I was in the concurrent student program at Fort Lewis College during my senior year of high school. Through dual enrollment, I was able to fulfill the remaining high school credits I needed to graduate, while earning a year’s worth of college credits. I saved myself what I estimate to be about $10,000 in tuition costs by attending Fort Lewis that year. I went on to become a first-generation college graduate.
The concurrent program was a gift for me and other students like me. It pulled us out of a country high school with limited resources and absolutely no options for advanced or ambitious students. It allowed us to take courses from a four-year college at community college prices (some schools offer early courses to high school students for free, see below). It taught us that the elusive dream of college – an accomplishment of so few in our rural Colorado community – was attainable.

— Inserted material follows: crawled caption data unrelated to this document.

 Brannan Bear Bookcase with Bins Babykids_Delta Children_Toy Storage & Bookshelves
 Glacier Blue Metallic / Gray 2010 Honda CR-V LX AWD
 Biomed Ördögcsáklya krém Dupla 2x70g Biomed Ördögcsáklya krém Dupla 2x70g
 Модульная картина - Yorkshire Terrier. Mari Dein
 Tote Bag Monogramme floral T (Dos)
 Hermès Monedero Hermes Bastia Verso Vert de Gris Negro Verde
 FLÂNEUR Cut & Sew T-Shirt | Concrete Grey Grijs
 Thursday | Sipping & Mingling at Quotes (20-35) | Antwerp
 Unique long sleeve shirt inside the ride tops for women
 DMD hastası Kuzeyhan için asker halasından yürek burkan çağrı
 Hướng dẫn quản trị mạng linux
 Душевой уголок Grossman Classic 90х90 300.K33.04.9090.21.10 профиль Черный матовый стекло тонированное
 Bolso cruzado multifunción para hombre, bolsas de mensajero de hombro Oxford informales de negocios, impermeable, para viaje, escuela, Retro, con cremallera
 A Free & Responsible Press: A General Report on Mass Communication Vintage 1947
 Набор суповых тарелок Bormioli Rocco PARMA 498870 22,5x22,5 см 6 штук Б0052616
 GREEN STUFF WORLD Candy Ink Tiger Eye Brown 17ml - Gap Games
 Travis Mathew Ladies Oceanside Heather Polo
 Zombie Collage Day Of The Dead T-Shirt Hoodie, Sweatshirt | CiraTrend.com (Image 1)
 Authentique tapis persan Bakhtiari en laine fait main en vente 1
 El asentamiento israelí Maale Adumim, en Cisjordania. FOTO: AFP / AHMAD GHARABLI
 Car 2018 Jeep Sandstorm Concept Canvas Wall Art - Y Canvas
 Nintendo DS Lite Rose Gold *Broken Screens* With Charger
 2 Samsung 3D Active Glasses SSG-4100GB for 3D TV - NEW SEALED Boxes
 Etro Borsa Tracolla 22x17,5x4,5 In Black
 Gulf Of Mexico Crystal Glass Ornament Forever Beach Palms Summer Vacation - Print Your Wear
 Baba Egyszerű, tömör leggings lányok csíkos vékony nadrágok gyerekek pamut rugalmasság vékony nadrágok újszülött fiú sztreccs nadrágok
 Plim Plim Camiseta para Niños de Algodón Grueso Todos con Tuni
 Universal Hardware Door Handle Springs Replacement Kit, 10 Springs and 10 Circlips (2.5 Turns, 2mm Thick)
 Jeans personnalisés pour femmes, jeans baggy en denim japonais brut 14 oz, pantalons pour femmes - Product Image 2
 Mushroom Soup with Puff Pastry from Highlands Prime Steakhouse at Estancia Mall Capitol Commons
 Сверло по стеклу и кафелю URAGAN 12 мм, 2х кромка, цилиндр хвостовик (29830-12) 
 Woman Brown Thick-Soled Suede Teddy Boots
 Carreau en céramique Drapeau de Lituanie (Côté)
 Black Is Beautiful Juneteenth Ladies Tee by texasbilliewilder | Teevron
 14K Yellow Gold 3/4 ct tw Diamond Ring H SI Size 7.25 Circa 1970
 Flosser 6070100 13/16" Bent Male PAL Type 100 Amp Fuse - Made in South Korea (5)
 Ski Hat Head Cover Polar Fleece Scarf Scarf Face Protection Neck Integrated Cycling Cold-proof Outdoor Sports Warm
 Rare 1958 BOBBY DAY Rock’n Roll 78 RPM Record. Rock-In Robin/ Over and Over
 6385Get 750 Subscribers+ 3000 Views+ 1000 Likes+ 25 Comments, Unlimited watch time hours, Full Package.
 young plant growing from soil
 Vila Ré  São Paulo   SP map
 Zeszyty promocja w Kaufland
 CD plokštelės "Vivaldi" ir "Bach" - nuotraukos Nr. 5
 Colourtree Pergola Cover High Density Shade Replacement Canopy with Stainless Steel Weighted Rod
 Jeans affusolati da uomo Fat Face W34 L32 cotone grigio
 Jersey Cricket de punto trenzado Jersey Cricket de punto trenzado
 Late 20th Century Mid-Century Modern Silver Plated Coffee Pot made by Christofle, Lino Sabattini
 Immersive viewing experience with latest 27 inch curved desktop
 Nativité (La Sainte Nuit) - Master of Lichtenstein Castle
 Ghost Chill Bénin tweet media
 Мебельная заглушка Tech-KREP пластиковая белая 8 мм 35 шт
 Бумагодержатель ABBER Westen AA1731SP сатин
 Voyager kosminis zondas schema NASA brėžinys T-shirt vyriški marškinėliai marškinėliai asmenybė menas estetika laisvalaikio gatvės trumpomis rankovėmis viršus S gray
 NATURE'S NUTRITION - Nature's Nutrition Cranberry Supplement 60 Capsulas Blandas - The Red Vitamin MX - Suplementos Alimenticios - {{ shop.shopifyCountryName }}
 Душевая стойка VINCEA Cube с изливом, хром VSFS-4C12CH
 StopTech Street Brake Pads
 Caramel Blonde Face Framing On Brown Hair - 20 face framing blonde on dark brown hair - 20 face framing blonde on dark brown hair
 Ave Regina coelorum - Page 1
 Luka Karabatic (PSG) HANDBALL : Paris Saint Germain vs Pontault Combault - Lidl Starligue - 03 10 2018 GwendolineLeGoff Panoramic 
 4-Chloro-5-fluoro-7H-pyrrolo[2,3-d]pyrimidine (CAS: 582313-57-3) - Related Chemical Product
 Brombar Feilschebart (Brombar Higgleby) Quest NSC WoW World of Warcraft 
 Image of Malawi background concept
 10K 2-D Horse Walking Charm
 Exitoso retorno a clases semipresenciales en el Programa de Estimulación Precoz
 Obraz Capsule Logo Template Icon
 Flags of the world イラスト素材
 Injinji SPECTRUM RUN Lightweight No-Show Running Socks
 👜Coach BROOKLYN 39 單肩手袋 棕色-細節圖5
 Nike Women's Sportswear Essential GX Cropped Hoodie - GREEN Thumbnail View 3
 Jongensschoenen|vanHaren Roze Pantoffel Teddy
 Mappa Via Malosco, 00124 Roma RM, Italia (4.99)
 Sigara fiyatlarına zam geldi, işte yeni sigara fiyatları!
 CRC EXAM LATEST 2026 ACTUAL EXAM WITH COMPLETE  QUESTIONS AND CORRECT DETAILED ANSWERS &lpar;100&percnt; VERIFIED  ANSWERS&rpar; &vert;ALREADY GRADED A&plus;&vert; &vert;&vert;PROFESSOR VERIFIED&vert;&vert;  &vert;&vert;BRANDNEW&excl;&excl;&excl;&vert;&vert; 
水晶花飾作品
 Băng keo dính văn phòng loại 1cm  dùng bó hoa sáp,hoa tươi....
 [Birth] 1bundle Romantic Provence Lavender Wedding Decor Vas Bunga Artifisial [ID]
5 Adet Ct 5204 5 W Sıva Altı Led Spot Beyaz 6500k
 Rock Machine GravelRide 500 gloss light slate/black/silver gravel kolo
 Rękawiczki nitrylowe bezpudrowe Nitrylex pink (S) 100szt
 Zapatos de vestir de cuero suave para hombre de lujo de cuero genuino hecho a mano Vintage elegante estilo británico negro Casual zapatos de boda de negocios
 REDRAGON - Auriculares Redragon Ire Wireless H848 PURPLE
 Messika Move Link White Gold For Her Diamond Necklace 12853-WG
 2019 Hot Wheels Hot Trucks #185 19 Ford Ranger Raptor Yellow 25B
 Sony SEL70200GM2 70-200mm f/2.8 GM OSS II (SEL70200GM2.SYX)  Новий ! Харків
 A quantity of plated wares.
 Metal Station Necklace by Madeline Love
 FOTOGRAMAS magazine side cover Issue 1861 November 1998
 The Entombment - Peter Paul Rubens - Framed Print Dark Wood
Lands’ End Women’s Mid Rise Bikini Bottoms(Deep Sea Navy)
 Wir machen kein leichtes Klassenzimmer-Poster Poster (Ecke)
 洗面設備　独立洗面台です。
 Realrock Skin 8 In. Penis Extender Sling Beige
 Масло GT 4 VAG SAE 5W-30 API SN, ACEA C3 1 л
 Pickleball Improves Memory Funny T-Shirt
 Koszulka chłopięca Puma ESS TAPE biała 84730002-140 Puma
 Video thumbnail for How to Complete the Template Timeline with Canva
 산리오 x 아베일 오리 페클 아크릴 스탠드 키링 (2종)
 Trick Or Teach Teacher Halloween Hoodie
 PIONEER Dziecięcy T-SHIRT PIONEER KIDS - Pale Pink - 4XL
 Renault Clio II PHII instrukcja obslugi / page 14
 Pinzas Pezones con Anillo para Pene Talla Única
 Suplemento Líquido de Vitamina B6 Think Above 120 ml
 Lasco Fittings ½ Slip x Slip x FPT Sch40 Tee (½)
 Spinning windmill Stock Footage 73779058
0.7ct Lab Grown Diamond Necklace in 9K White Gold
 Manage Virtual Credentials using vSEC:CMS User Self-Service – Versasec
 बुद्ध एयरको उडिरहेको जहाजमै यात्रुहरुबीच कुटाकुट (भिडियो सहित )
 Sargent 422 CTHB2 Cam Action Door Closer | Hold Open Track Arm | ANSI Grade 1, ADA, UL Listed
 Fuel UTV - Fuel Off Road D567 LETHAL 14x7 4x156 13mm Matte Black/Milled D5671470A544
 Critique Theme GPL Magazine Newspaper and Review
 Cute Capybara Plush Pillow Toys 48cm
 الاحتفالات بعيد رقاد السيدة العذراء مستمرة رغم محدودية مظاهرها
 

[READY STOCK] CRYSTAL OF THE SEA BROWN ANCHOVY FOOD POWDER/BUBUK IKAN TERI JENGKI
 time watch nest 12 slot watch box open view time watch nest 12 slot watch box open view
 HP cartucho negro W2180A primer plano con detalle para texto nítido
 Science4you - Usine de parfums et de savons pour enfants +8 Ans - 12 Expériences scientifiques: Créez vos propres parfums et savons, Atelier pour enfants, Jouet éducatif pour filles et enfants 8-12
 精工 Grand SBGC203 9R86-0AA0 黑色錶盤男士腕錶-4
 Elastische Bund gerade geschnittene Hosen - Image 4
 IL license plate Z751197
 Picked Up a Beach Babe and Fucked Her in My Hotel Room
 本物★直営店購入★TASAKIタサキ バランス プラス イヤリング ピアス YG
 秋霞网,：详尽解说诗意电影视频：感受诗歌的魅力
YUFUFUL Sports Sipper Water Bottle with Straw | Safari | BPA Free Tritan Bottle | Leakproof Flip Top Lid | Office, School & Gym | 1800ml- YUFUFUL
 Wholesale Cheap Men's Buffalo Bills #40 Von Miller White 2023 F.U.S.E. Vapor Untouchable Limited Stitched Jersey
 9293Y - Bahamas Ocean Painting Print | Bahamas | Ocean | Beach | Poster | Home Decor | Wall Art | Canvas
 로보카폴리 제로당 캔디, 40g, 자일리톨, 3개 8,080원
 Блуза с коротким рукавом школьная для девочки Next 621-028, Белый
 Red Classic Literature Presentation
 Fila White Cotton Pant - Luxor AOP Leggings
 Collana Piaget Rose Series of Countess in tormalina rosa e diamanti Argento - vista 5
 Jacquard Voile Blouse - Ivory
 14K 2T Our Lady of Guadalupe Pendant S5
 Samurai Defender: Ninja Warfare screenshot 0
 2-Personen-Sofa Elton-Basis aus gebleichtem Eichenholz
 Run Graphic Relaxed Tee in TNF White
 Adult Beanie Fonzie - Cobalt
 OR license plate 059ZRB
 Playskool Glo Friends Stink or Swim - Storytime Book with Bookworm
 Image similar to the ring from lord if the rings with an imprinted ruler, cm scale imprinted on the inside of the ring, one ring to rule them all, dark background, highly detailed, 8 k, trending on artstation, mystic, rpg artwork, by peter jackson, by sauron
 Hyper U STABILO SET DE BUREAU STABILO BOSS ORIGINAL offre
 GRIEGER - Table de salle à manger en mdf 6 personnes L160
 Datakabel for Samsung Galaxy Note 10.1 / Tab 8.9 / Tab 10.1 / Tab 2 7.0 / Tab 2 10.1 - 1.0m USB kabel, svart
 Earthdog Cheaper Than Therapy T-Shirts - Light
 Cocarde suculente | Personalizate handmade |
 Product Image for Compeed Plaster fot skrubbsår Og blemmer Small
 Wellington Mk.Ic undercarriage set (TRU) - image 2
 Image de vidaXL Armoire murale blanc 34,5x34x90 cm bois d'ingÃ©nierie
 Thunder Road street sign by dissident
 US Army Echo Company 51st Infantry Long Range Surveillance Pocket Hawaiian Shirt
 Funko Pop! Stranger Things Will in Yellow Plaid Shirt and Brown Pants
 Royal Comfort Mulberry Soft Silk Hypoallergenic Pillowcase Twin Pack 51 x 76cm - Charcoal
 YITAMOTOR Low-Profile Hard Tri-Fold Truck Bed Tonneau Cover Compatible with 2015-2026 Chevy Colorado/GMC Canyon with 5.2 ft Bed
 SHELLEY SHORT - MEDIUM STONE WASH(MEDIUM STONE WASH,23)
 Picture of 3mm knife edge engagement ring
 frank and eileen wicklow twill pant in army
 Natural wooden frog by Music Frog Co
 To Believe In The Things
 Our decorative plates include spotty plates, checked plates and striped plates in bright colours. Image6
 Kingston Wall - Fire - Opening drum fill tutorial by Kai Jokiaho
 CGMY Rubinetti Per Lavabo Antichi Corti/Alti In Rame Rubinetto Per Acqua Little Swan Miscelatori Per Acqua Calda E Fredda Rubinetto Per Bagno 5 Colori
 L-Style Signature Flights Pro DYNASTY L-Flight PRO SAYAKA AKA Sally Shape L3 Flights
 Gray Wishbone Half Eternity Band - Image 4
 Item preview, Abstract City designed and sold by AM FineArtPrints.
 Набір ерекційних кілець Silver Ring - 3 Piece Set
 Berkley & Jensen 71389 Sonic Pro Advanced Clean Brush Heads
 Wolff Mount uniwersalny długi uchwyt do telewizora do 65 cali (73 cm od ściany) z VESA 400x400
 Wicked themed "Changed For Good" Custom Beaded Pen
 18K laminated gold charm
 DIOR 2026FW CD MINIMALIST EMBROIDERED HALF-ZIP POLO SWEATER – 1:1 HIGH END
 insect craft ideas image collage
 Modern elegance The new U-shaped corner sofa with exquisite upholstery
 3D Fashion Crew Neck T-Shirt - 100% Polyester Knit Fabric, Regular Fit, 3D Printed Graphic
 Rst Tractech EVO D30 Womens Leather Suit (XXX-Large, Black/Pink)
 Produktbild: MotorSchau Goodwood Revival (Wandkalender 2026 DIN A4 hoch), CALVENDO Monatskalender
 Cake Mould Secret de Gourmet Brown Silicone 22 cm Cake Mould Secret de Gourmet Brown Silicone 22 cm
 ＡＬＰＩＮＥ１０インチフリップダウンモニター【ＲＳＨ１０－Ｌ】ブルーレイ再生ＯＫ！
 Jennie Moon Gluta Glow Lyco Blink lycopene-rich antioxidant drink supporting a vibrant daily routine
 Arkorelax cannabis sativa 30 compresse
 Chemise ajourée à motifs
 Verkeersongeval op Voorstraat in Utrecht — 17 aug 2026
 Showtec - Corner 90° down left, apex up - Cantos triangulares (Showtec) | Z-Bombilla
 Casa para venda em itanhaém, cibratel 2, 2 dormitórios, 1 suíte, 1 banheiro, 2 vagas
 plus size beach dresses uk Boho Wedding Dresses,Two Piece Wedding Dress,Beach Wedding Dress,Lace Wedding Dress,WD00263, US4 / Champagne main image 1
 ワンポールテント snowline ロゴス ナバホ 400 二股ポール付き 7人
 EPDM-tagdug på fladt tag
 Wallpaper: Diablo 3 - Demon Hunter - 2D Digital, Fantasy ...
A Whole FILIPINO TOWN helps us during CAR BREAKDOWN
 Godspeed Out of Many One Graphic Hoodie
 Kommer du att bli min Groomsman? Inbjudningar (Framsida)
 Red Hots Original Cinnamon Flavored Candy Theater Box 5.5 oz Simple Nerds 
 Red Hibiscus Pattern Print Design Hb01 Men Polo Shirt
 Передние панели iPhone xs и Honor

Programs that expose high school students to college-level learning have proven track records of success. EducationDive reports such programs are especially useful for first-generation college students who come from low-income families. Of course, it can also help your institution. Assisting students – especially those in your area – in preparing for the rigors of higher learning will support your institution’s enrollment goals.
So how should you go about it? If your school is looking into adding a concurrent/dual or early college program, here are four easy steps to develop it:
1. Decide Who Is Eligible
Before you can bring students into your program, you must determine who qualifies and who does not. At the University of Hawai’i at Manoa, for instance, students are eligible who will have completed sophomore or junior year by summer, have maintained a 3.5 GPA, and have a recommendation from a teacher, counselor or principal. (Naturally parental approval is also required.) Depending on your university’s requirements for incoming students and other standards, you may set your GPA level differently, choose not to require a recommendation, or use any other rubric you prefer. At Fort Lewis, admittance factors include state test scores.
2. Determine the Costs
How much your course costs will depend on many factors, including how long courses will be, who will teach them, what facilities you will use and what subjects it will cover. Another factor to consider is whether the course will be primarily on campus or primarily online – as outreach programs, such as Cooper Union’s Summer Writing Program, can also successfully use the distance learning model. They may even take place in high school classrooms. Once you’ve determined the specifics of your program or programs, you will know how much to charge students.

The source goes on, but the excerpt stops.